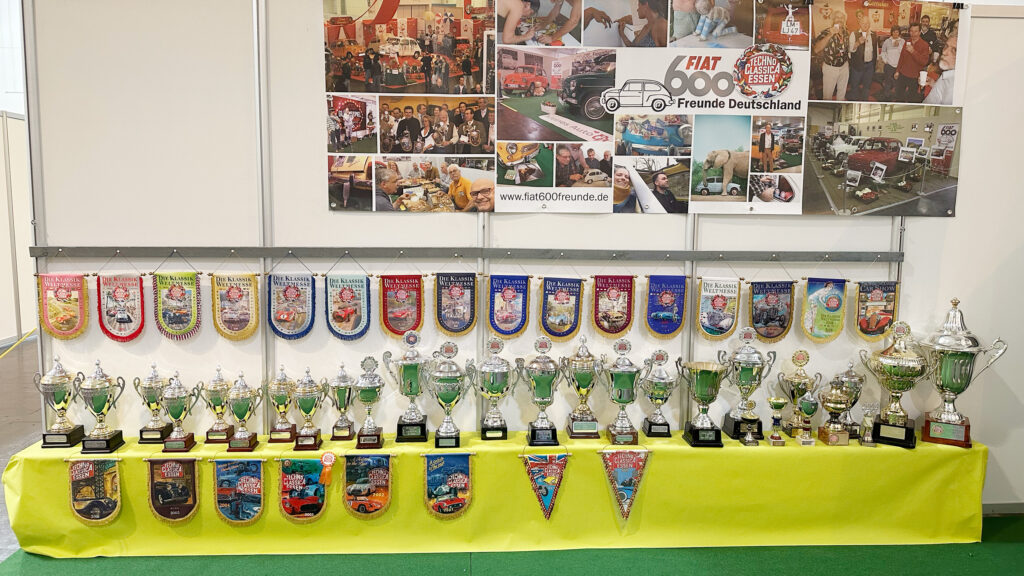 Eine Wand des Messestandes mit den Wimpeln und Pokalen von über 30 Teilnahmen und einem Banner mit Fotos der letzten Jahre.
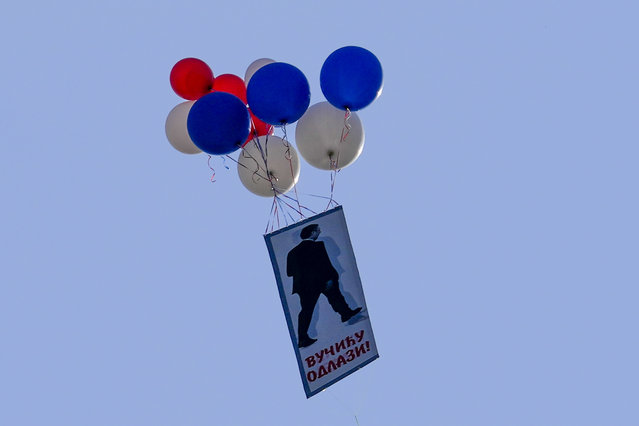 Balloons with a photo of Serbian President Aleksandar vucic that reads: “Vucic go away!” fly during a protest against violence in Belgrade, Serbia, Saturday, June 3, 2023. Tens of thousands of people rallied in Serbia's capital on Saturday in protest of the government's handling of a crisis after two mass shootings in the Balkan country. (Photo by Darko Vojinovic/AP Photo)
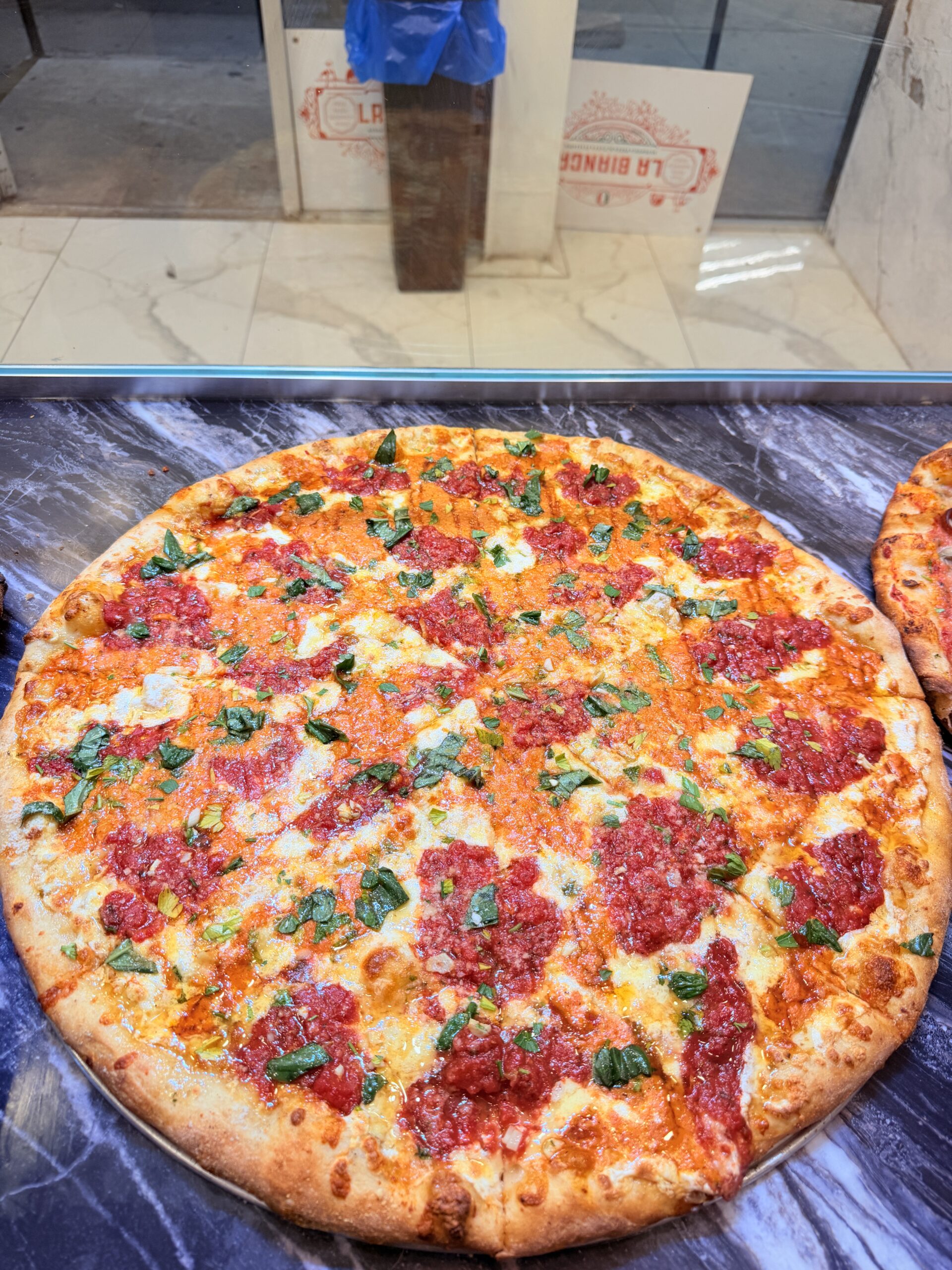 Whole Margherita pizza with tomato, mozzarella, and basil at La Bianca Pizza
□ □ □
* [Problem description] Copy out all the data exactly. No images belong in the copy.

* [Result]
 Eine Wand des Messestandes mit den Wimpeln und Pokalen von über 30 Teilnahmen und einem Banner mit Fotos der letzten Jahre.
 Balloons with a photo of Serbian President Aleksandar vucic that reads: “Vucic go away!” fly during a protest against violence in Belgrade, Serbia, Saturday, June 3, 2023. Tens of thousands of people rallied in Serbia's capital on Saturday in protest of the government's handling of a crisis after two mass shootings in the Balkan country. (Photo by Darko Vojinovic/AP Photo)
 Whole Margherita pizza with tomato, mozzarella, and basil at La Bianca Pizza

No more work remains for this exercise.